Residential retrofit maintains historic appearance
In the middle of the Front Range, looking down over the Denver skyline and plains, sits a historic property built in 1933 that is undergoing a complete transformation. Our task was to replace the existing steam boiler heating system with a hot–water, forced-circulation heating system to provide better temperature control. The other important factor was by eliminating the original steam piping mains in the basement, the new owners would gain valuable headroom space.
The home was mostly stripped down to the studs, but it retained much of the fine woodwork. The house was built in the Southwest style of architecture with white stucco and dark stone exteriors, and a red tile roof. Unfortunately, the exterior walls were either two-by-fours with no insulation or uninsulated concrete block. The ceilings throughout, and in the two vaulted great rooms, were also uninsulated.

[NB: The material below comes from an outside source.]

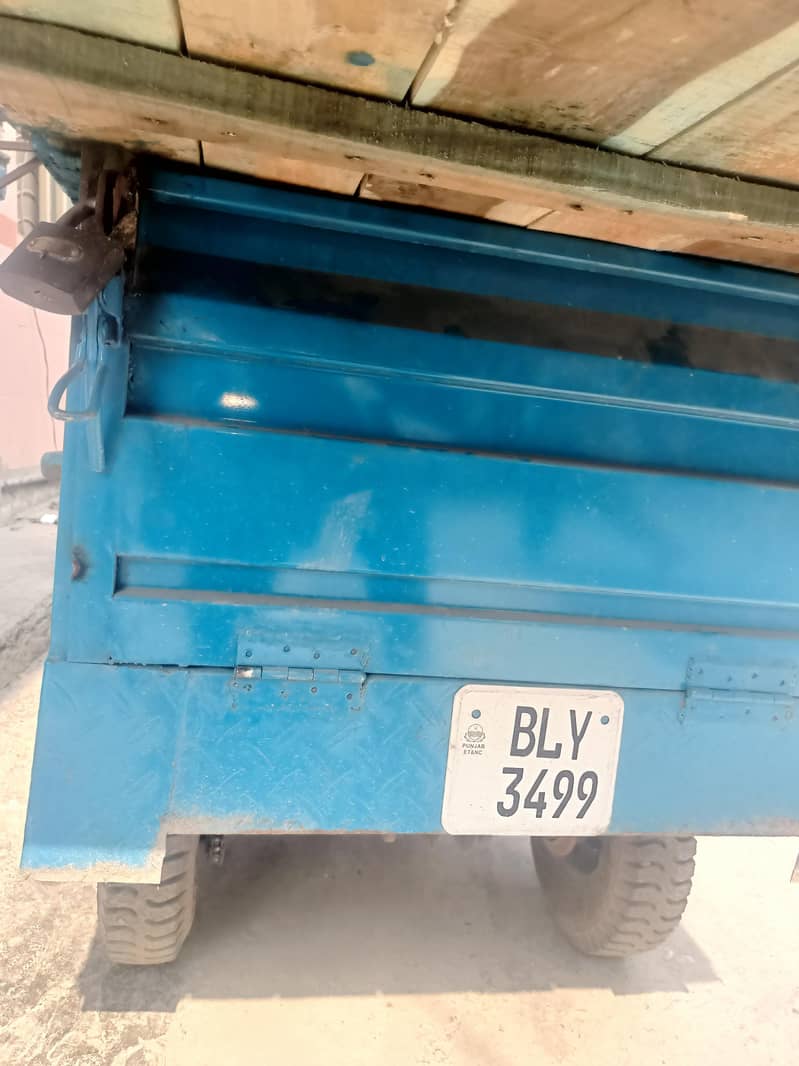 baike riksha 6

For a total of 6,700 square feet of living space, the existing system consisted of two not very old 199,000 Btu/h steam boilers in a two-pipe steam arrangement supplying a variety of heat emitters. The great rooms had floor-mounted and enclosed cast iron radiators. The basement and garage had ceiling and wall-mounted cast iron radiators. The unique parts of the house were the 19 recessed wall unit heat emitters that were built by an unknown manufacturer. The question became, do we replace them or try to salvage them?